New Firefox reviewers

I’m delighted to announce that I’ve just made Andrew Swan (aswan on IRC) a reviewer for Firefox code. That also reminds me that I failed to announce when I did the same for Rob Helmer (rhelmer). Please inundate them with patches.

There are a few key things I look for when promoting folks to reviewers, surprisingly none of them are an understanding of the full breadth of code in Firefox or Toolkit:

  • Get to reviews soon. You don’t have to complete the review necessarily, do a first pass or if you really have no time hand off to someone else quickly.
  • Be courteous, you are a personal connection to Mozilla and you should be as welcoming as Mozilla is supposed to be.
  • Know your limits. Don’t review anything if you don’t understand the code it deals with, help the reviewee find an alternate reviewer.
  • You don’t get to demand the reviewee re-write the patch in your style. If their code meets style guidelines, fixes the bug and is efficient enough don’t waste people’s time by re-architecting it.

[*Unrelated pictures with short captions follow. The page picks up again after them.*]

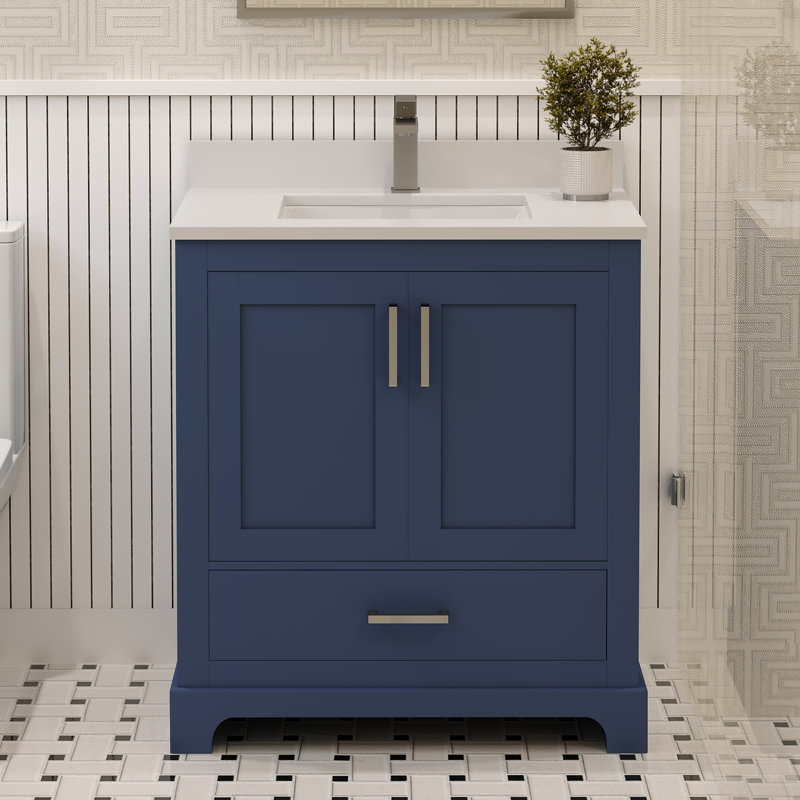 Meuble-lavabo en bois massif avec lavabo 30 po Maya - blanc, 2 portes à fermeture douce, 1 tiroir à pleine extension, Bleu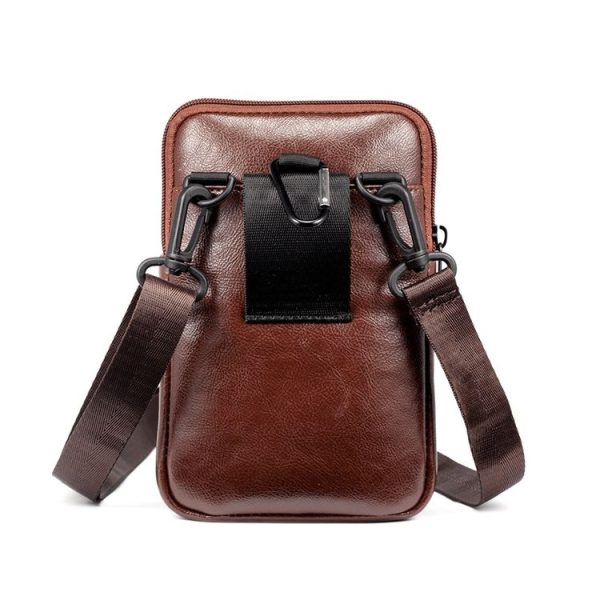 WEIXIER 8612 Men Shoulder Bag Waist Bag Credentials Storage Sports Leisure Multi-functional Mobile Phone Bag (Black) - Image 5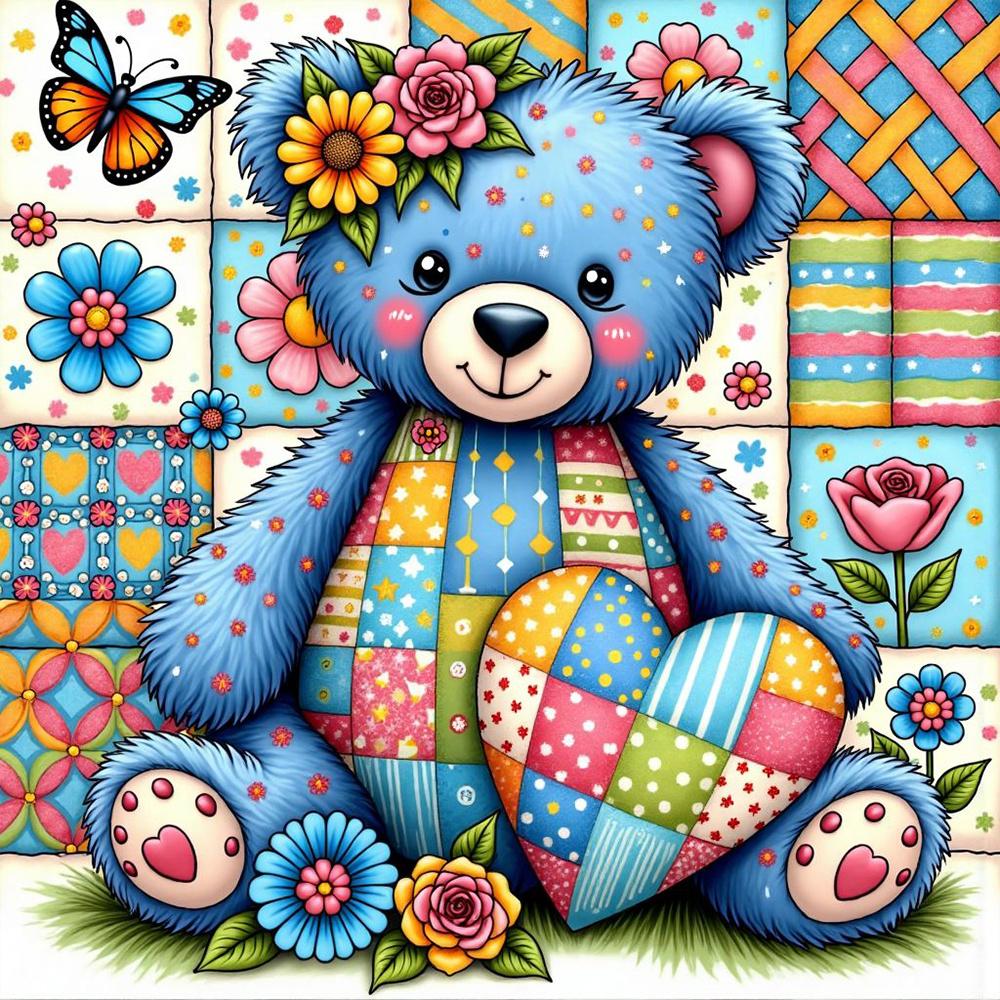 Blue Floral Little Bear 5D Diamond Painting Kit, Home Decor, Wall Hanging Decoration, Bedroom, Kitchen, Classroom, Dining Room, Living Room, Frameless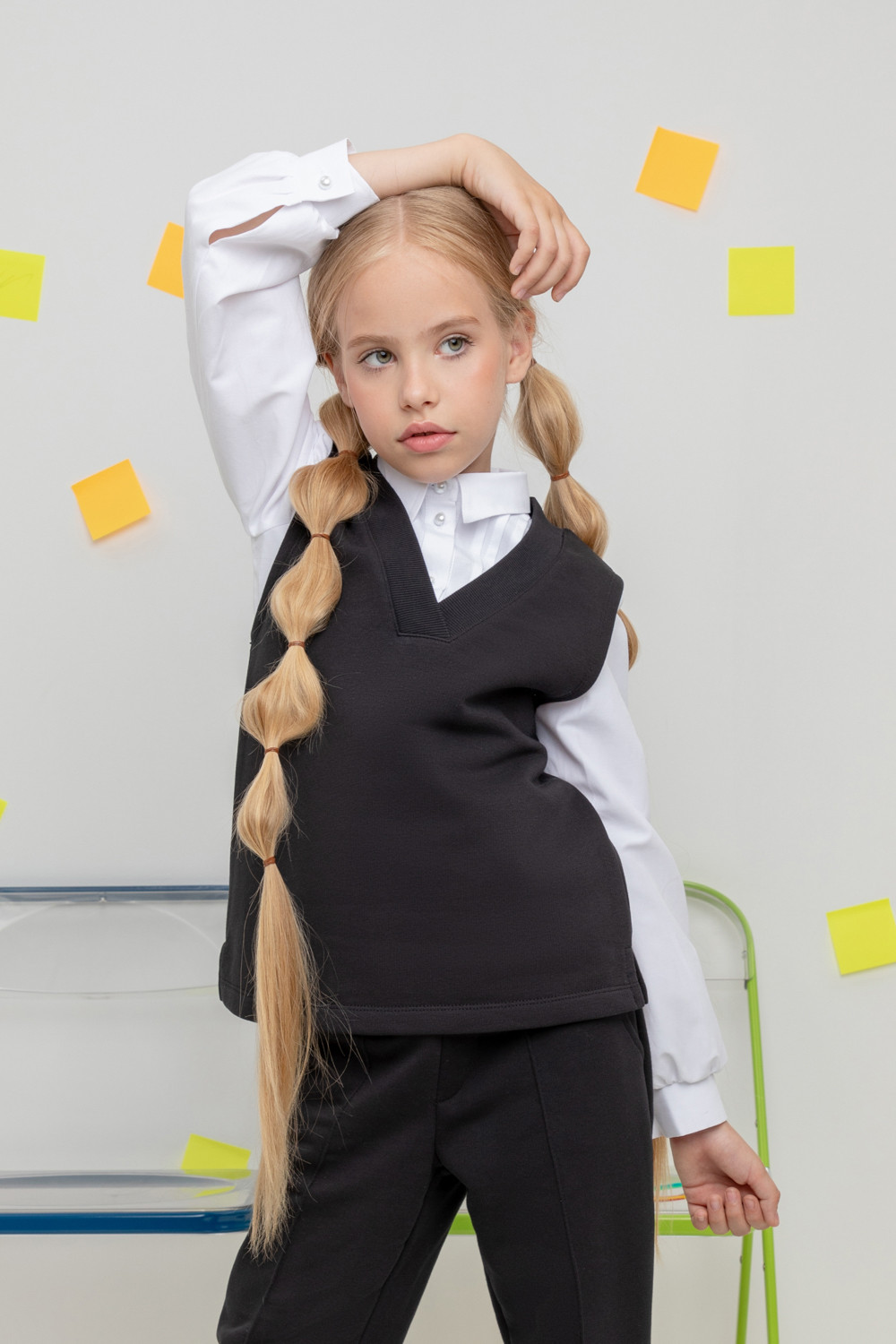 Жилеты для девочки, артикул: К 302150, цвет: черный, фото 3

Pretty much all of this is demonstrated by seeing what code the potential reviewer is writing and letting them review smaller patches by already well-versed contributors.

Six years revisited

Two years ago I blogged about how it had been six years since I wrote my first patch for Firefox. Today I get to say that it’s been six years since I started getting paid to do what I love, working for Mozilla. In that time I’ve moved to a new continent, found a wife (through Mozilla no less!), progressed from coder to module owner to manager, seen good friends leave for other opportunities and others join and watched (dare I say helped?) Mozilla, and the Firefox team in particular, grow from the small group that I joined in 2007 to the large company that will soon surpass 1000 employees.

One of the things I’ve always appreciated about Mozilla is how flexible they can be about where you work. Recently my wife and I decided to move away from the bay area to be closer to family. It was a hard choice to make as it meant leaving a lot of friends behind but one thing that made it easier was knowing that I wouldn’t have to factor work into that choice. Unlike many other companies I know there is no strict requirement that everyone work from the office. True it is encouraged and it sometimes makes sense to require it for some employees, particularly when starting out, but I knew that when it came time to talk to my manager about it he wouldn’t have a problem with me switching to working remote. Of course six years ago when I started I was living in the UK and remained so for my first two years at Mozilla so he had a pretty good idea that I could handle it, and at least this time I’m only separated from the main office by a short distance and no time-zones.

The web has changed a lot in the last six years. Back then we were working on Firefox 3, the first release to contain the awesomebar and a built-in way to download extensions from AMO. Twitter and Facebook had only been generally available for about a year. The ideas for CSS3 and HTML5 were barely written, let alone implemented. If you had told me back then that you’d be able to play a 3D game in your browser with no additional plugins, or watch videos without flash I’d have probably thought they were crazy pipe-dreams. We weren’t even Jitting our JS code back then. Mozilla, along with other browser makers, are continuing to prove that HTML, CSS and JS are winning combinations that we can build on to make the future of the web open, performant and powerful. I can’t wait to see what things will be like in another six years.